GIVEN DATA: Begin

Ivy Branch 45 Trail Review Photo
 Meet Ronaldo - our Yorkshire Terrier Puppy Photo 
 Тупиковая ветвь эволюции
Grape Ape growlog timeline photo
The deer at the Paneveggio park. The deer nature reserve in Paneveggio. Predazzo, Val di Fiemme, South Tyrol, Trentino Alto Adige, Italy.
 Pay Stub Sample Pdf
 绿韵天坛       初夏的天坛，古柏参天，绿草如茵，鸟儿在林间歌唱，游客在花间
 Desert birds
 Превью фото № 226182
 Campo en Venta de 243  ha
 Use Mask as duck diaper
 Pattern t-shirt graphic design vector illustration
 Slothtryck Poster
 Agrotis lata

GIVEN DATA: End

Give all of the material again, exactly.

Ivy Branch 45 Trail Review Photo
 Meet Ronaldo - our Yorkshire Terrier Puppy Photo 
 Тупиковая ветвь эволюции
Grape Ape growlog timeline photo
The deer at the Paneveggio park. The deer nature reserve in Paneveggio. Predazzo, Val di Fiemme, South Tyrol, Trentino Alto Adige, Italy.
 Pay Stub Sample Pdf
 绿韵天坛       初夏的天坛，古柏参天，绿草如茵，鸟儿在林间歌唱，游客在花间
 Desert birds
 Превью фото № 226182
 Campo en Venta de 243  ha
 Use Mask as duck diaper
 Pattern t-shirt graphic design vector illustration
 Slothtryck Poster
 Agrotis lata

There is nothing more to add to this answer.